Mind Game est un film que l’on pourrait qualifier d’expérimental s’il n’avait un objectif narratif, bien que complexe, si clairement énoncé et atteint. Celui de retranscrire avec dynamisme la force motrice qui nous pousse, à chaque instant, à effectuer les choix qui définissent non seulement notre vie, mais aussi celle de ceux qui nous entourent et nous côtoient. Les frasques de Nishi démarrent d’ailleurs par ce message plus ou moins subliminal, écrit sur une affiche ou sur l’écran d’un téléphone portable : « Votre vie est le résultat de vos propres décisions ». Sauf que, lorsque Mind Game s’ouvre sur son torrent d’images et de cadrages iconoclastes, Nishi, lui, n’en a effectué que peu, des décisions, se laissant porter par des sentiments tus plutôt que par de véritables affirmations. C’est lorsque Myon lui annonce qu’elle est sur le point de se marier, que Mind Game dévoile son visage de film aux multiples éventualités, laissant au héros la possibilité - telle que l’énoncera son Dieu plus en avant - de vivre sa vie comme un jeu, usant et abusant des possibilités du bouton « Reset » : Nishi s’imagine proclamant son amour à sa belle, avant de décider qu’un tel acte ne lui ressemble pas et de revivre la scène en parfait gentleman, peu combatif, félicitant Myon pour ses fiançailles.

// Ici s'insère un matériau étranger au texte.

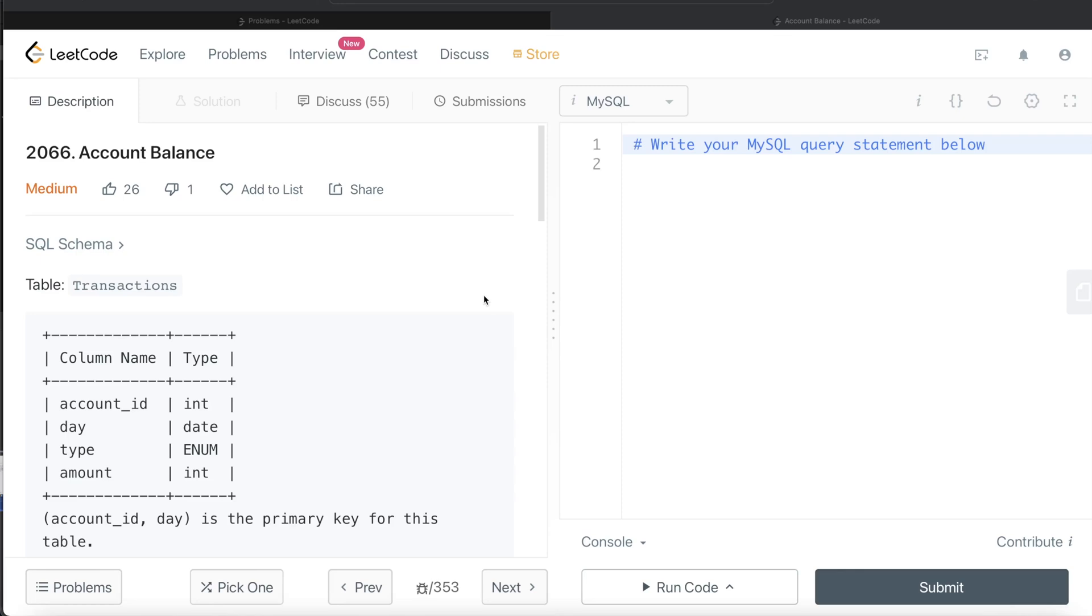Hey guys, welcome back to the channel. This channel, Everyday Data Science, is all about learning different concepts involved in data science by practicing a lot of questions. In this video, I'm going to solve this question on LeetCode regarding account balance and walk you through how we can develop solutions to such problems.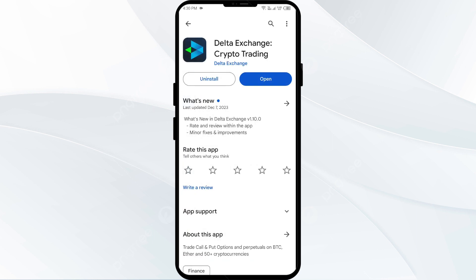If an update is available, you will see an update button next to the app. Tap on it to update the app to the latest version. Once updated, launch the app again.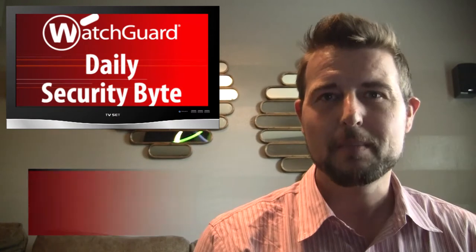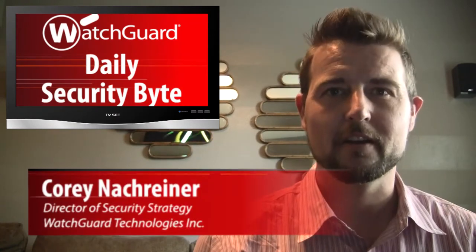Welcome to WatchGuard's Daily Security Byte. I'm Cory Knottgriner and Thursday's story is baseball cyber espionage.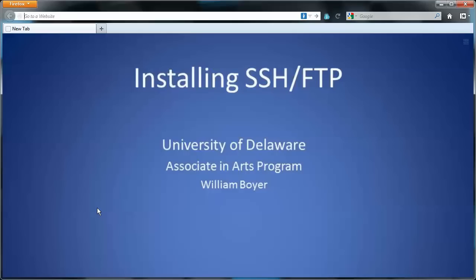In this video, I will show you how to install two pieces of software that we'll be using this semester: the Secure Shell Client and the File Transfer Protocol Client.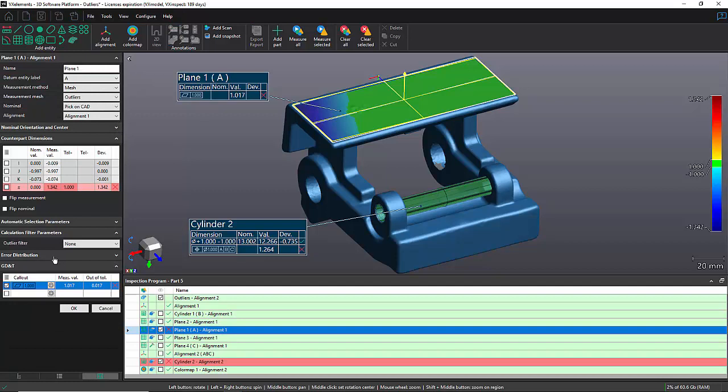In the left panel here, under calculation filter parameters, I have access to my outlier filter.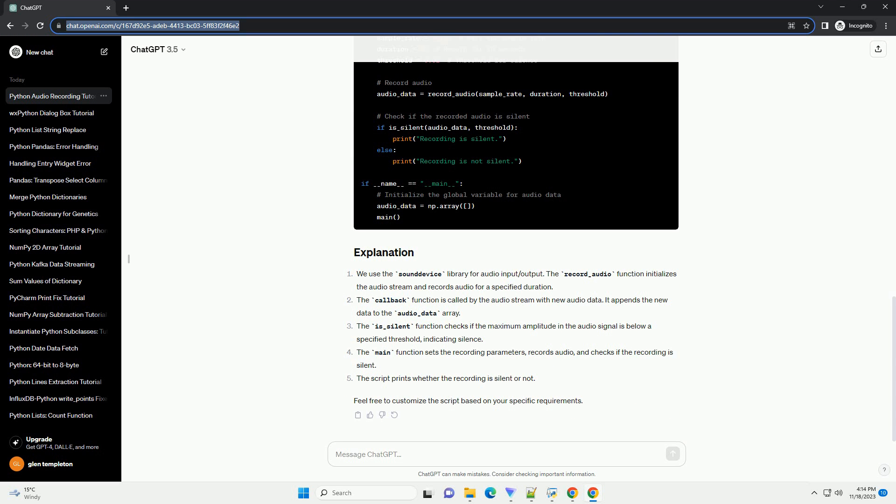Feel free to customize the processing logic inside the main loop based on your specific requirements. This script provides a basic framework for continuous audio recording and automatic stopping on silence detection.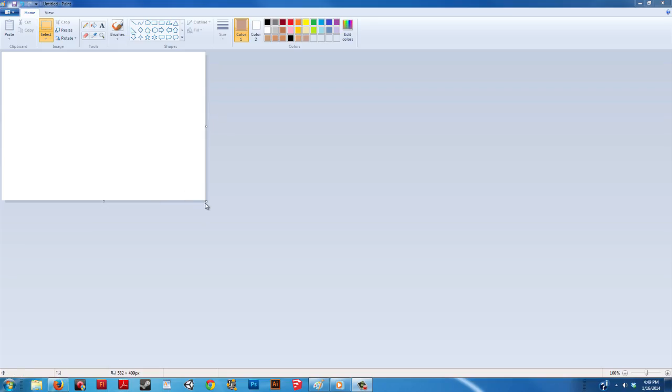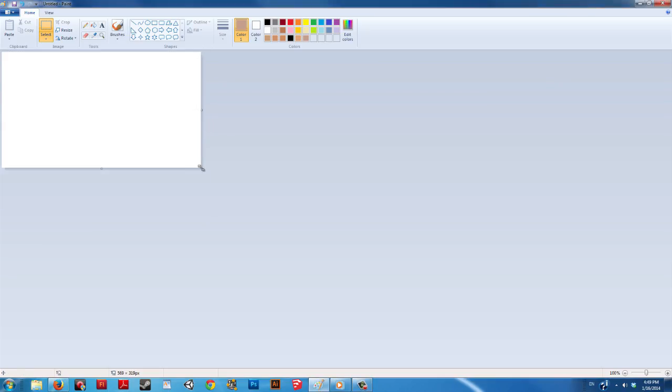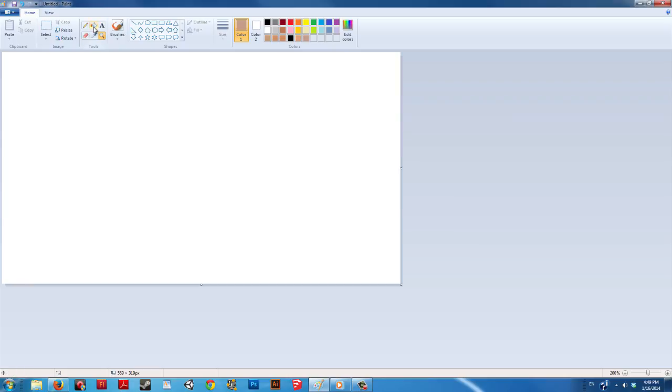Paint does not have a specific tool for text outlines, but there are workarounds. Make a new document and fill it with a neutral brown color.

Masaaki Yuasa décide alors d’acculer son protagoniste en faisant intervenir cette collision chère au cinéma contemporain : plusieurs destins qui ne pouvaient s’imaginer liés. De l’expérimentation, Mind Game passerait presque alors au cinéma d’exploitation. Les cadrages exacerbés de la séquence du restaurant, avec son lot de perspectives exagérées et ses procédés de dilatation graphique, renvoient autant à certaines tendances du manga qu’au cinéma d’exploitation japonais des années 70, au sein duquel des réalisateurs comme Shunya Ito (Female Convict Scorpion) s’amusaient déjà à livrer de magnifiques décadrages, immoraux et violents. Décadrages eux-mêmes issus, à l’époque, d’une frange adulte du manga. Nishi trépasse dans une mise en scène que ne renierait pas - comme en témoigne sa relecture filaire en trois dimensions - le Takashi Miike de Dead or Alive 2. Mind Game s’enfonce, plus profondément encore, dans les possibilités infinies de notre existence.
Quelle meilleure incarnation de toutes ces réalités potentielles que cette divinité à l’allure changeante qui tente de contraindre Nishi à disparaître ? Tandis que Nishi revient sur son parcours, ses erreurs et ses opportunités manquées, la divinité protéiforme incarne telle un miroir déformant les nombreuses personnalités et vies qui auraient pu résulter d’autant de choix distincts. A chaque possibilité correspond son lot de convictions et de craintes, et par conséquent autant d’apparences divines imaginées. Nishi vainc cette représentation de sa timidité, dissimulée derrière de trop nombreux prétextes, promettant de s’affirmer pour obtenir une seconde chance. Chance qui va se jouer au cœur du ventre d’une baleine, aux côtés de Myon et de sa sœur mais aussi d’un vieil homme, prisonnier des ténèbres depuis plus de trente ans, dans une histoire tour à tour vécue à la première personne et omnisciente . Celle de Nishi, certes, mais aussi la nôtre, la vôtre.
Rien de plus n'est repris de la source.